Взрыв пункта связи на краю лагеря ошеломил и напугал немцев. Готовая еще минуту назад драться с «кровавыми опричниками НКВД» не на жизнь, а на смерть, многолюдная толпа моментально утратила боевой настрой.
«Молодец, Вележин. Я бы точно так же поступил: и мозги проветрил, и связи лишил бы. Ладно, сошлемся в рапорте на неопытность наводчика…» – подумал майор, глядя на то, как немцы в страхе отхлынули от внешнего периметра лагеря в разные стороны.
– Имранов, – обратился он к приданому отряду переводчику, – отправляйся парламентером и передай, что для наведения порядка мы даем пятнадцать минут. Иначе применим силу.
– Есть, товарищ майор, – отрапортовал молодой лейтенант и, одернув гимнастерку, двинулся вперед решительным шагом. В глубине души выпускника специальных курсов, конечно же, шевелились определенные опасения и тревога за исход своей миссии. Поведение многотысячной толпы людей всегда трудно предугадать, но он шел на нее твердо и уверенно.
Каждый шаг вперед придавал черноволосому красавцу силы и одновременно нагонял на немцев страх. К ним подходил представитель великой державы, перед которой они сложили оружие и обязались выполнять все требования победителей. Внутренне господа тевтоны уже были готовы подчиниться требованиям советского командования, но с этим не был согласен капитан Вудст.
Выстрел сержанта Вележина застиг его в тот момент, когда, набрав в грудь воздуха, он намеревался познакомить немцев с новой антисоветской страшилкой. Испуганный разрывом снаряда, он поперхнулся на полуслове, потерял равновесие и упал.
Нет ничего смешнее и глупее, чем неудачно упавший пророк, вещавший своей пастве высокие откровения. Особенно если он еще и при погонах и лежит на грязном, заплеванном полу у всех на глазах. Единственное, что может помочь в этом случае пророку для восстановления утерянного реноме это быстрые и решительные действия.
Английских офицеров специально учили сохранению своего лица перед нижними чинами или туземцами, и капитан Вудст стал действовать. Судорожно хватая клапан лакированной кобуры, он вскочил на ноги и вытащил пистолет. В этот момент Имранов приблизился к передним рядам немцев и заговорил. Его громкий и властный голос был хорошо слышен в возникшей тиши, и каждое произнесенное им слово смиряло немецкие души.
Лейтенант еще не успел договорить до конца, когда неожиданно раздался выстрел в воздух.
– Не слушайте его! Все его требования не правомочны! Вы сдались в плен британскому командованию, и только оно несет за вас ответственность! Возьмите в карауле оружие и защищайтесь! – выкрикнул англичанин и, отрезая всякую возможность проведения диалога, выстрелил по русскому парламентеру. Расстояние было небольшим. Промахнуться было сложно, и сраженный пулей лейтенант рухнул на землю. Незримый Рубикон был перейден.
Согласно первоначальному плану, под угрозой применения оружия отряд должен был заставить немцев подчиниться себе и, загнав в бараки, караулить до прихода главных сил. Вмешательство Вудста сорвало мирные намерения командира отряда, и он был вынужден срочно вносить коррективы.
Удерживать бойцов от кровавого возмездия за гибель Имранова было глупо, бессмысленно, да и Кривенко не пытался этого сделать. Он свято придерживался правила: проливший кровь должен за это поплатиться, но при этом не собирался пускать дело на самотек.

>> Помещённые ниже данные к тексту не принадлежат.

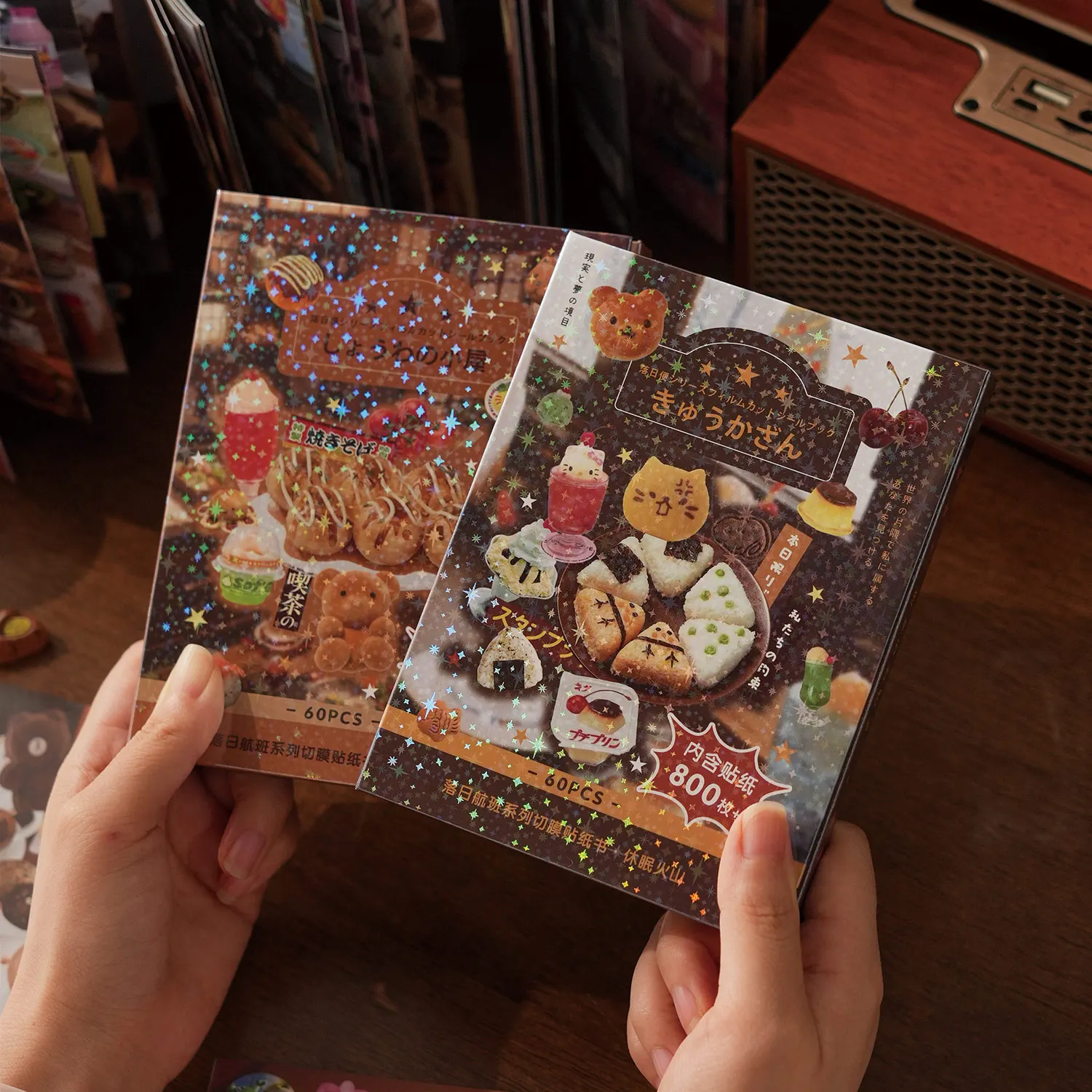 60/120 ورقة ريترو لطيف Y2K الغذاء قطع لاصق غشائي كتاب مجلة كتيب سجل القصاصات DIY جراب هاتف الديكور القرطاسية ملصقات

– Поверх голов! Огонь поверх голов! – напоминал майор бойцам о ранее отданном приказе, и в большинстве своем они его выполняли.

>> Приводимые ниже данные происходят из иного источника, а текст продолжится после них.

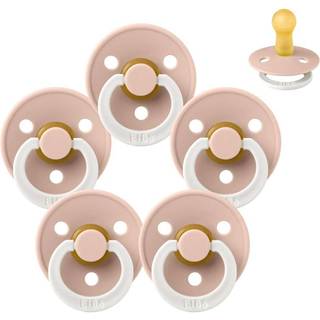 BIBS Rund Colour Sut - Sampak - 5 stk. - Str. 2 - GLOW - Blush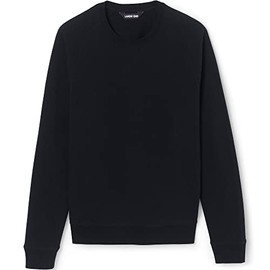 Lands' End Adult Crewneck Sweatshirt Large Black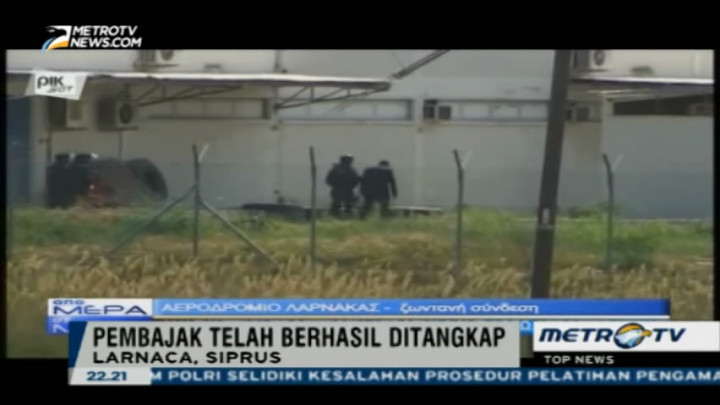 Pelaku Pembajakan Pesawat EgyptAir Berhasil Ditangkap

Огненное полукольцо из автоматных и пулеметных очередей плотно охватило лагерь. Неистовый рой свинца засвистел, загудел, завыл над головами немцев, стремясь сломить их волю, заставить упасть и попытаться вжаться от страха в землю. Ведь того, кто упал, затем очень трудно поднять на ноги, а уж тем более заставить сражаться.